[Given records — start]
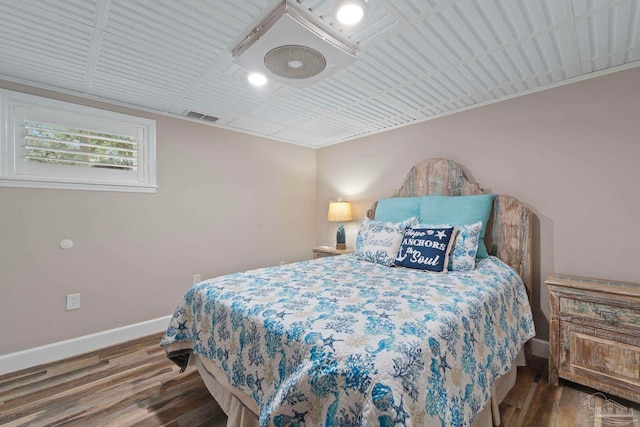 bedroom with wood-type flooring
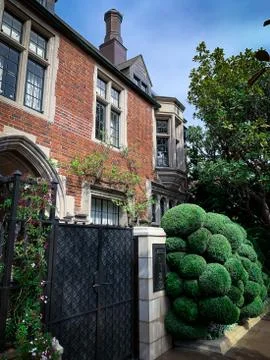 A luxurious mansion red bricks building with fireplace chimney 스톡 사진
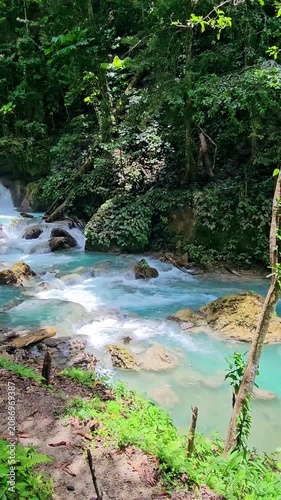 Cascade river with turquoise water in natural pools in sunny rain forest. Luwuk, Indonesia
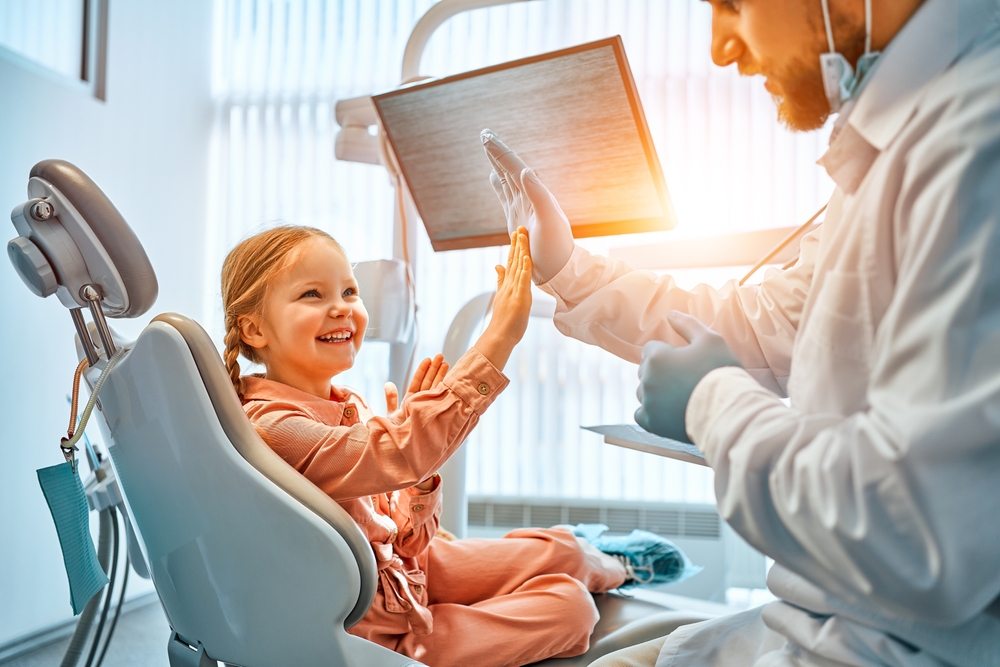 a,little,girl,is,sitting,in,a,dentist's,chair,,giving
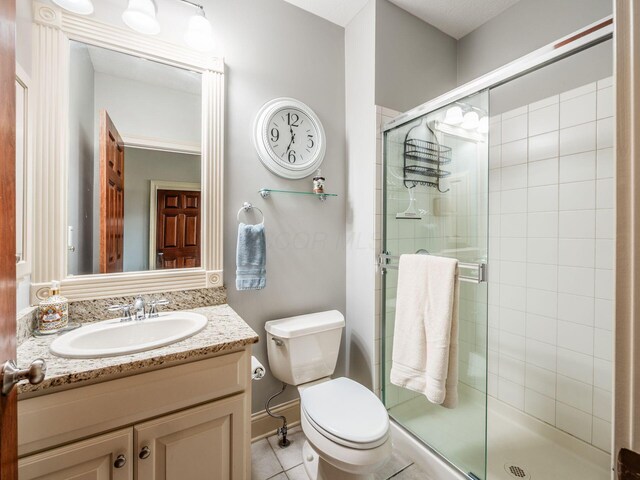 6676 Ballantrae Pl, Dublin, OH 43016 - bathroom featuring a stall shower, vanity, and tile patterned flooring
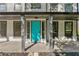 Close-up of a bright aqua front door flanked by sidelights and columns showcasing curb appeal at 8649 Cedar Creek Rdg, Riverdale, GA 30274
[Given records — finish]
◆ What is being asked ◆
Would you transcribe exactly, and only, the lines from the one containing "a,little,girl,is,sitting,in,a,dentist's,chair,,giving" through the last line of the records above, both included, leaving out the pictures?

◆ Output of the task ◆
 a,little,girl,is,sitting,in,a,dentist's,chair,,giving
 6676 Ballantrae Pl, Dublin, OH 43016 - bathroom featuring a stall shower, vanity, and tile patterned flooring
 Close-up of a bright aqua front door flanked by sidelights and columns showcasing curb appeal at 8649 Cedar Creek Rdg, Riverdale, GA 30274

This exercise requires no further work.